Толпа залила всю площадь.

И тогда на балконе второго этажа, над салтыковским подъездом блеснула стеклами внезапно отворившаяся дверь, и на балкон вышел государь-император с императрицей.

Мгновенно тысячи голов обнажились. Толпа рухнула на колени.

Громадный хор запел:

– Боже, царя храни!..

* * *

Антонский шел в людских толпах к вокзалу. Народ расходился, разливаясь по улицам, разрываясь на клочья, как сбитая ветром грозовая туча. Одни обгоняли Антонского, другие шли рядом с ним, не обращая на него никакого внимания. Антонский слышал взволнованные голоса.

– То бастовали… беспорядки делали… безобразничали… А теперь.
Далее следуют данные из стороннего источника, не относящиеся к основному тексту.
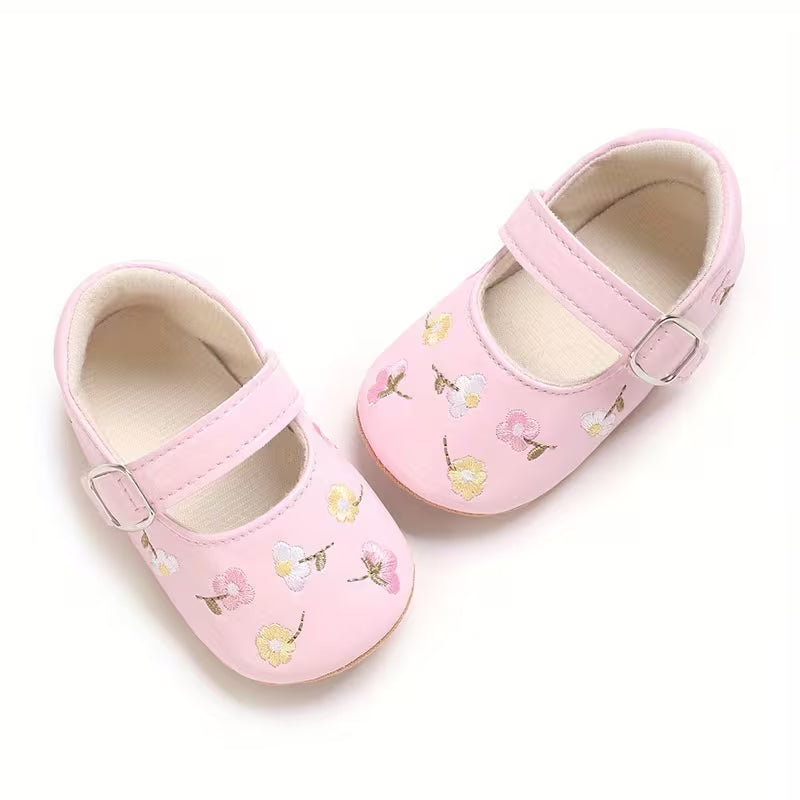 New Style Baby Girls’ Embroidered Princess Flats – 0–12 Months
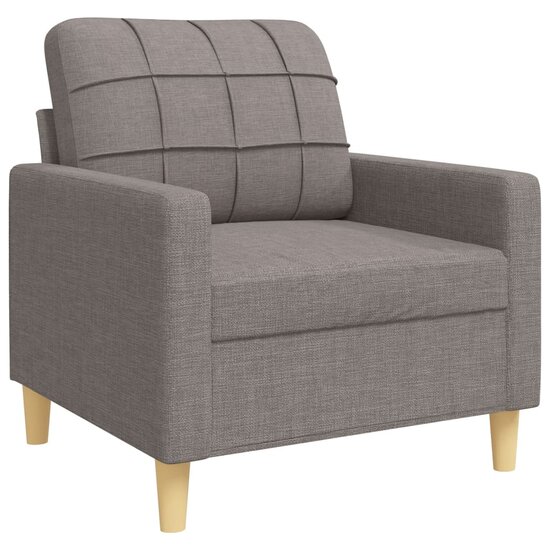 4-Delige Loungeset Stof Taupe Met voetenbank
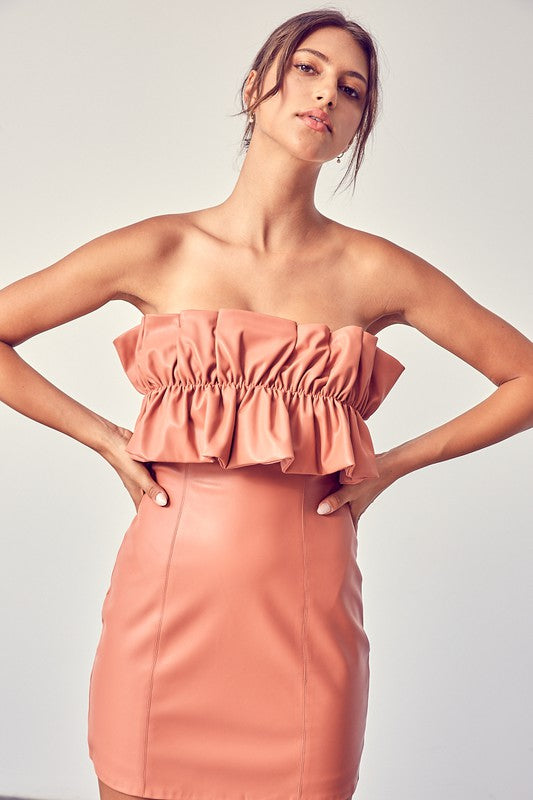 FAUX LEATHER RUCHED TUBE DRESS – Arelia's Dream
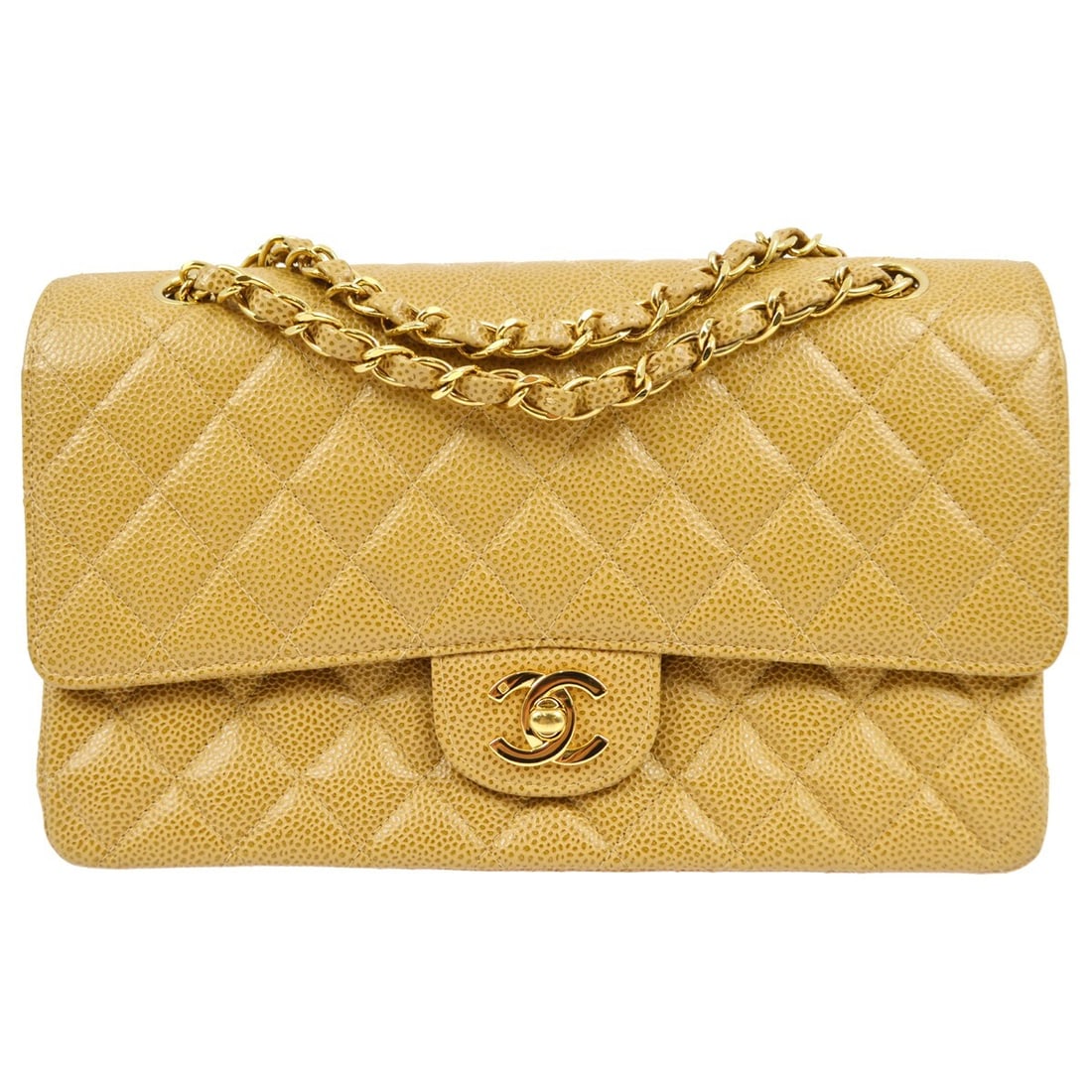 Chanel Beige Caviar Skin Medium Classic Double Flap Shoulder Bag: Chanel Beige Caviar Skin Medium Classic Double Flap Shoulder Bag This Chanel Medium Classic Double Flap Shoulder Bag is crafted from luxurious beige caviar skin leather and features a stylish matelass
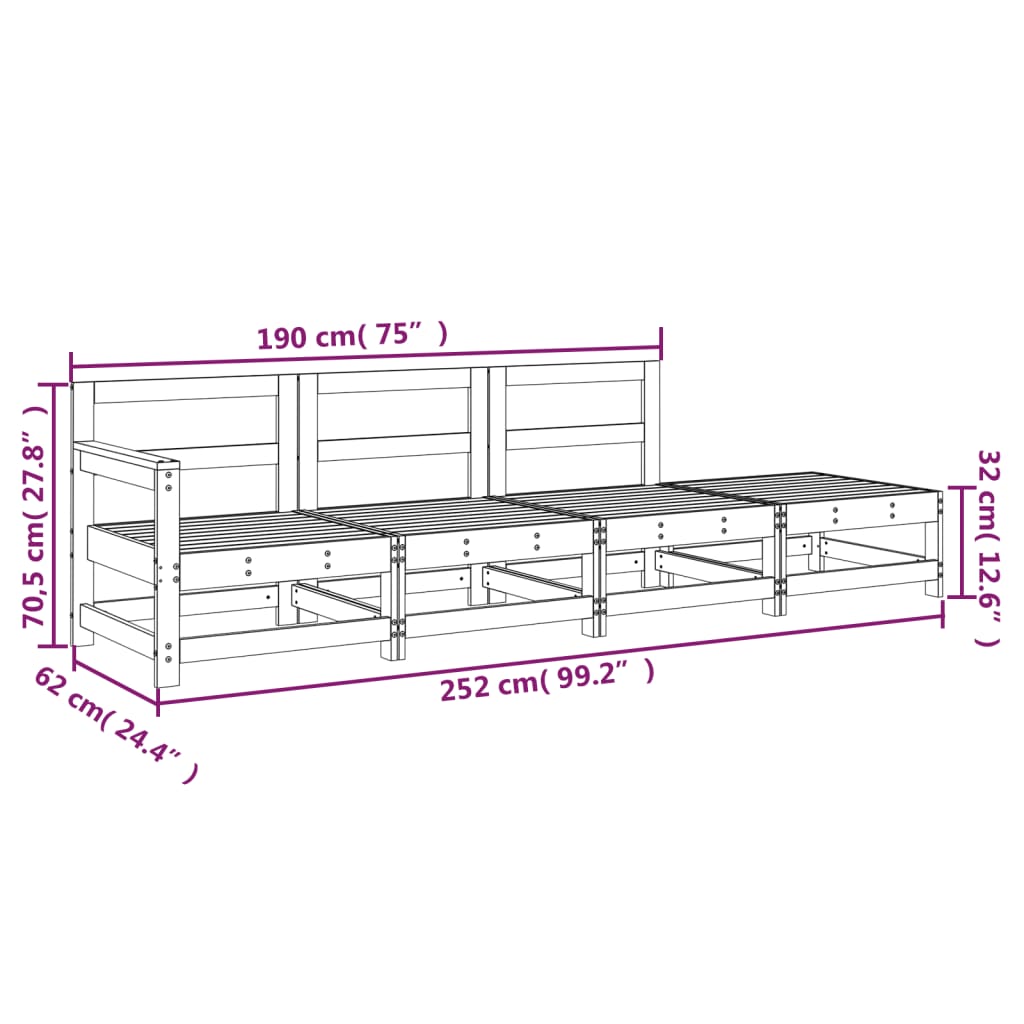 Set mobilier relaxare de grădină, 4 piese, alb, lemn masiv pin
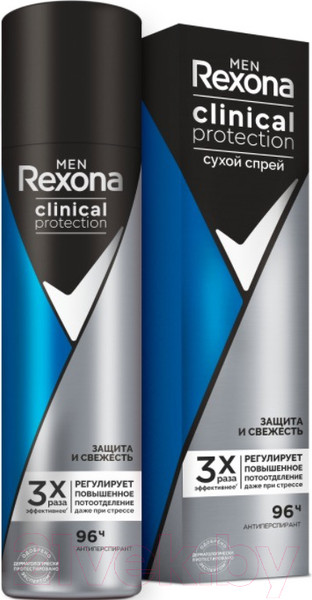 Изображение товара Антиперспирант-спрей Rexona Men Clinical Protection защита и свежесть (150мл)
– Да, бастовали. Как нам не бастовать?.. Из чего мы работаем?.. Из чего каторжную жизню ведем?.. Чтобы только хлебушко наработать… А ежели с детями?.. Капиталист – он себе наживает… Во дворцах живет… А наш брат рабочий?.. Ранняя могила – вот евоный дворец.
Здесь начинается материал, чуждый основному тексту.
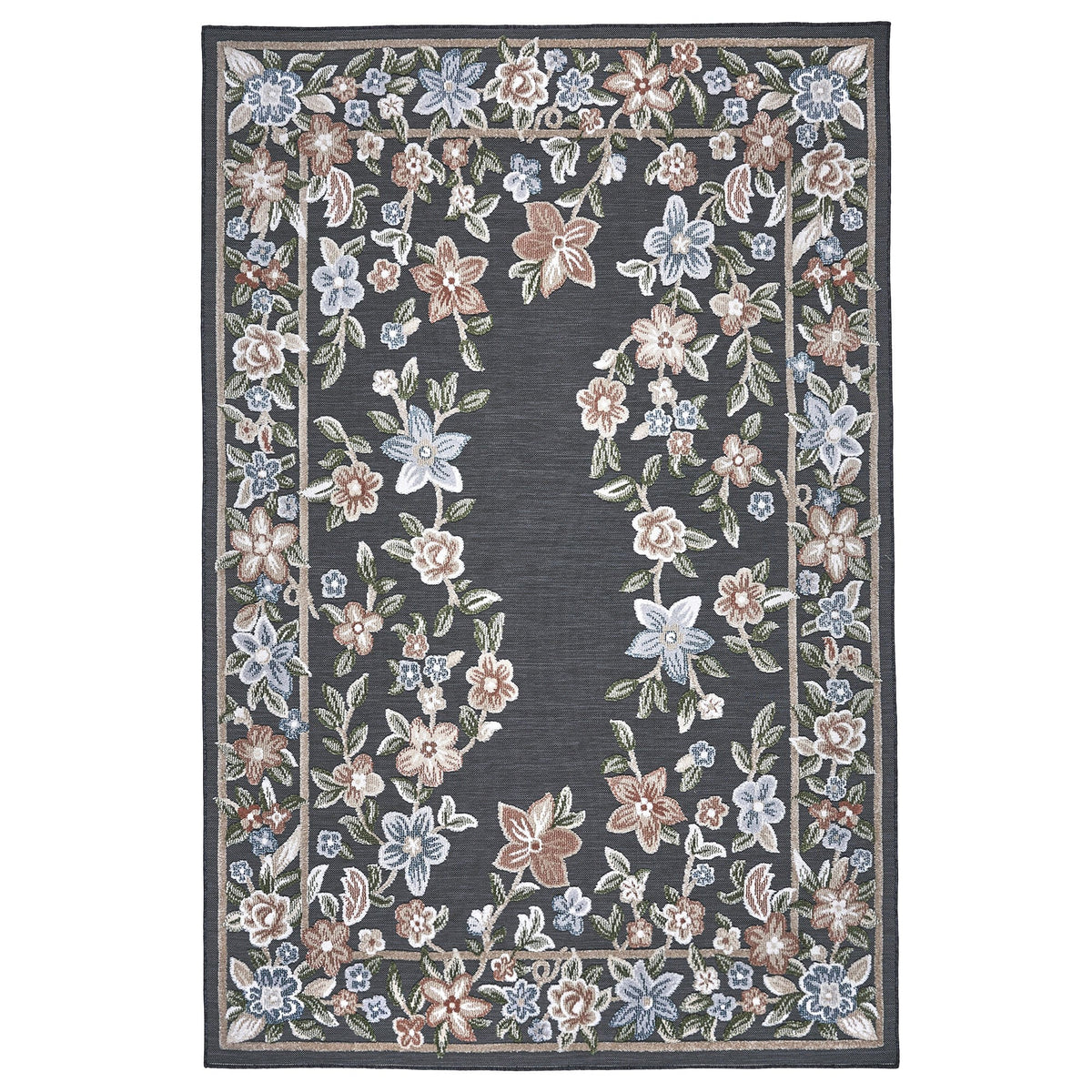 Laguna Indoor/Outdoor Area Rug, Beta Black, 8'8" x 13'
– Пьянствовали бы поменьше, так и себе чего ни на есть наработали бы.

– Наработаешь?.. Рабочему человеку без этого, чтобы выпить ни-и-как, господин, нельзя. Ты не кори рабочего, трудящего человека, ты его пожалей.

– Хотели, господин, на свое повернуть. Коли царь не смотрит, думали – без его обойдемся.

– Ну и опять люди смущали. Добивайтесь, говорили, своих правов. Должны быть у вас свои права. В борьбе, говорили, обретешь ты право свое.

– А теперь на коленях?

– Ну и что ж – на коленях. Вот гляди – коленки прорвал, на каменьях стоял. Не жалко. Потому теперь враг… Враг на нас нападает… Враг! Немец, одним словом… Отпор ему надоть дать. То было дело наше, как бы сказать, семейное, а нонче всея Рассеи касаемо!.. Рассеи!.. Понял это? Под Вильгельмову палку не пойдем… Это, брат, никак невозможно… Немыслимо даже это.

Они обогнали наконец Антонского.

"А ведь это?.. – думал Антонский, – Володи?.. да, Володи сделали эти Овидиевы метаморфозы. Кругом повернули мышление этих людей. От забастовок протеста и красных тряпок к иконам, царским портретам и париотическим манифестациям. Значит, им, социалистам, нужно это. Им, а не кому другому оказалась нужна война. Им, социалистам… И всегда так и было. Во веки веков. Французскую революцию делал не народ, не толпа сен-антуанского предместья – а вот эти маленькие интеллигентские кружки, общества, философы, энциклопедисты, масонские ложи, писатели, поэты… Да и тут не обошлось без всего этого. Они подготовили все это. Они дали возможность крутить народными мозгами куда хочешь… А мы проглядели. Мы сами восхищались снобирующими купцами, жертвующими на революцию, благотворительными дамами, устраивающими свои салоны, где создается государство в государстве. Вот и Володя там роль играет. А кто над ним? При всей своей русской болтливости они умеют хранить тайны своей партии. А мы?.. Распустились мы очень. Теперь, поди, довольны. Весь народ с нами. Посмотрим во что все это выльется?.."

Антонский поехал в Пулково. Ему хотелось поделиться своими мыслями с Матвеем Трофимовичем. Ему эти мысли казались глубокими и правильными.